My mates and I first used the most obvious receptacle available which happened to be one of the university toilets.
Unfortunately the immediacy of the explosion prevented any chance of the sodium going down the pipe (which was what we wanted).
So, without giving it much thought, we wrapped the chunk (about and inch in diameter) in paper hoping that this would
delay the explosion and aid in the flushing process. Unfortunately the power of the flush wasn't enough to overcome the
buoyancy of the little package of fun. Instead what we discovered was that the paper acted as a delay as well as
inhibitor for initial explosion. However, with a closed lid, the toilet subsequently became a wonderful housing
for the released hydrogen. I think what happens is that a slow wetting of the paper (not toilet paper) resulted
in a slow generation of hydrogen and because there was not much oxygen in direct contact with the heated sodium
chunk, the hydrogen was given off without much fuss or reaction. That is until the sodium had heated up enough
so as to ignite and with that ignition you can imagine what the hydrogen in the bowl did.
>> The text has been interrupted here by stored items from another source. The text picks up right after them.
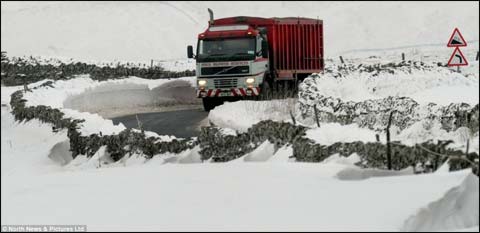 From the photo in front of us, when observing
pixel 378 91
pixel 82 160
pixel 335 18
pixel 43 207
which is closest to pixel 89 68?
pixel 378 91

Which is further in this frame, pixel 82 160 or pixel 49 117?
pixel 49 117

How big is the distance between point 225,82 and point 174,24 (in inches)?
2282

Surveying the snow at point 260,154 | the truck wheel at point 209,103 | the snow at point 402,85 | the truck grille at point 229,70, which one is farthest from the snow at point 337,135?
the truck wheel at point 209,103

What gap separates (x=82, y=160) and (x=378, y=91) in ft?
46.7

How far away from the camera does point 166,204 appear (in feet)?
27.1

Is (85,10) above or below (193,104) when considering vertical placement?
above

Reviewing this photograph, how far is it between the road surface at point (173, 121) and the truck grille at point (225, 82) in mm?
1122

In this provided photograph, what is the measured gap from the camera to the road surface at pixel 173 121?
1995 cm

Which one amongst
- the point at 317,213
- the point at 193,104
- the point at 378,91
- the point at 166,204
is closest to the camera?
the point at 317,213

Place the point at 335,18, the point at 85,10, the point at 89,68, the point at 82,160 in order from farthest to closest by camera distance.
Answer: the point at 85,10, the point at 335,18, the point at 89,68, the point at 82,160

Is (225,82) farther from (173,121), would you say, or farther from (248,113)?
(248,113)

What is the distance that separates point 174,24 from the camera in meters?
81.4

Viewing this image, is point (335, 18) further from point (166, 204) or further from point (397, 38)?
point (166, 204)

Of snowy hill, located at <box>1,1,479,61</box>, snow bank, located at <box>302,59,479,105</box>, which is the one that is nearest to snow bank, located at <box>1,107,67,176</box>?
snow bank, located at <box>302,59,479,105</box> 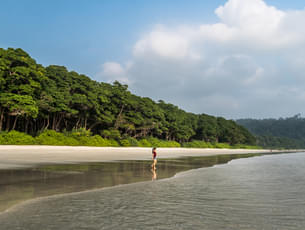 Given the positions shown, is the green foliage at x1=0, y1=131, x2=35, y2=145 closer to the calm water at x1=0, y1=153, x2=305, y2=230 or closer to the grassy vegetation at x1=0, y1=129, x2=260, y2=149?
the grassy vegetation at x1=0, y1=129, x2=260, y2=149

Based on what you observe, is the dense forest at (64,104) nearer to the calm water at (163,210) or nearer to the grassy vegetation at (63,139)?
the grassy vegetation at (63,139)

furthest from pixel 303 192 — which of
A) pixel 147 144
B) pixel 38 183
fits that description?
pixel 147 144

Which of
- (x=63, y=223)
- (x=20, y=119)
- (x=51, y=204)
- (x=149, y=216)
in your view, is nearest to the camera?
(x=63, y=223)

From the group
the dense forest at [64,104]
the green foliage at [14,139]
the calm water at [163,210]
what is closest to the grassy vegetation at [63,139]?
the green foliage at [14,139]

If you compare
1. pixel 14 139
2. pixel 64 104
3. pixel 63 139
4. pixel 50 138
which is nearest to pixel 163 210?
pixel 14 139

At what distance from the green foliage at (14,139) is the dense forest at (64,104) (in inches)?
101

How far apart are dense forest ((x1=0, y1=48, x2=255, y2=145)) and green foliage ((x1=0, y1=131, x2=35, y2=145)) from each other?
2575mm

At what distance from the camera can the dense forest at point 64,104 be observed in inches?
1242

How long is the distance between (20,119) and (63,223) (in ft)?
131

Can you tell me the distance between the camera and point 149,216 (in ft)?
19.1

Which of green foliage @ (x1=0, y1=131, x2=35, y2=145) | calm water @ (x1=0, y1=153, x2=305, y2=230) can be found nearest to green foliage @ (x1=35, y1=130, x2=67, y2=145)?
green foliage @ (x1=0, y1=131, x2=35, y2=145)

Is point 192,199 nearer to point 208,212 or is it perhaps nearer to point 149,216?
point 208,212

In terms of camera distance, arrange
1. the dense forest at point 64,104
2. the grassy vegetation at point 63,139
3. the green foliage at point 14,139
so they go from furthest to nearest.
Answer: the dense forest at point 64,104 < the grassy vegetation at point 63,139 < the green foliage at point 14,139

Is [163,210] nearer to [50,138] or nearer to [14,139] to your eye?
[14,139] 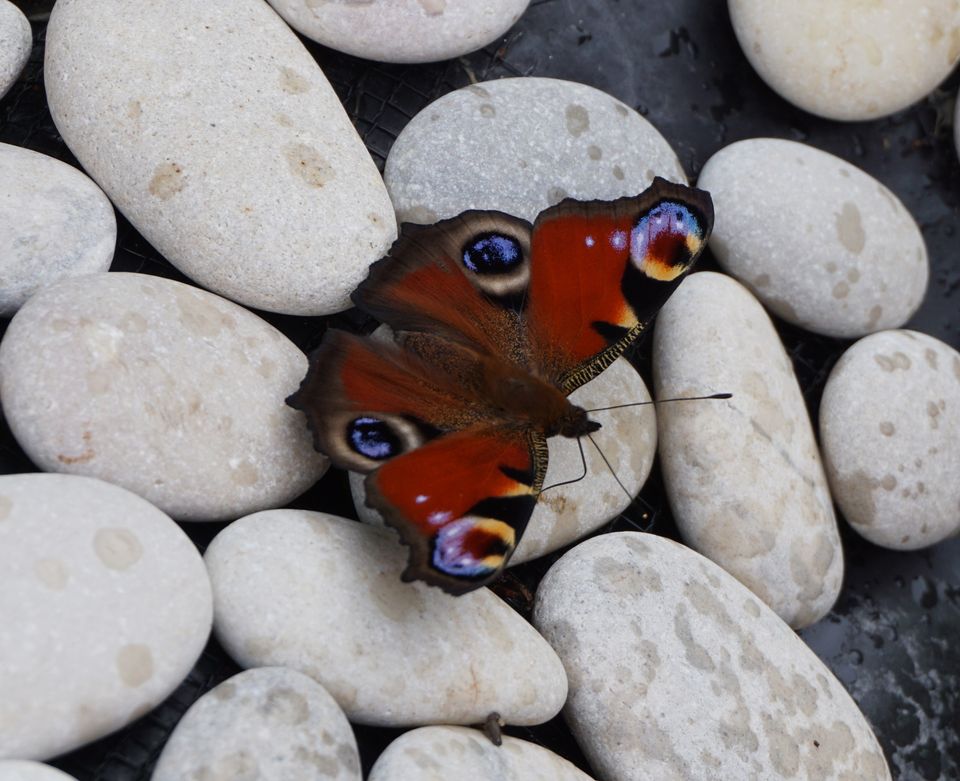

This proved to be endless amounts of fun until we used a slightly larger chunk and a slightly older toilet.
The ensuing bang not only resulted in a completely shredded toilet, but also managed to summon the bomb squad
who, with no small amount of attention seeking, decided to land a helicopter on the University lawns. Thankfully
we had already made ourselves scarce. We subsequently decided that the sodium-in-toilet malarkey had run its course
and from then on stuck to (the not much safer alternative) of sodium in 2 liter plastic coke bottles. Looking back,
we were probably not doing it at the most sensible time. South Africa had just come out of Apartheid and things
were still pretty unstable. No wonder the bomb squad came in force.
Immature, yes. Dangerous, absolutely. But at that age, a hell of a lot of fun.
Irresponsible Sodium Handler.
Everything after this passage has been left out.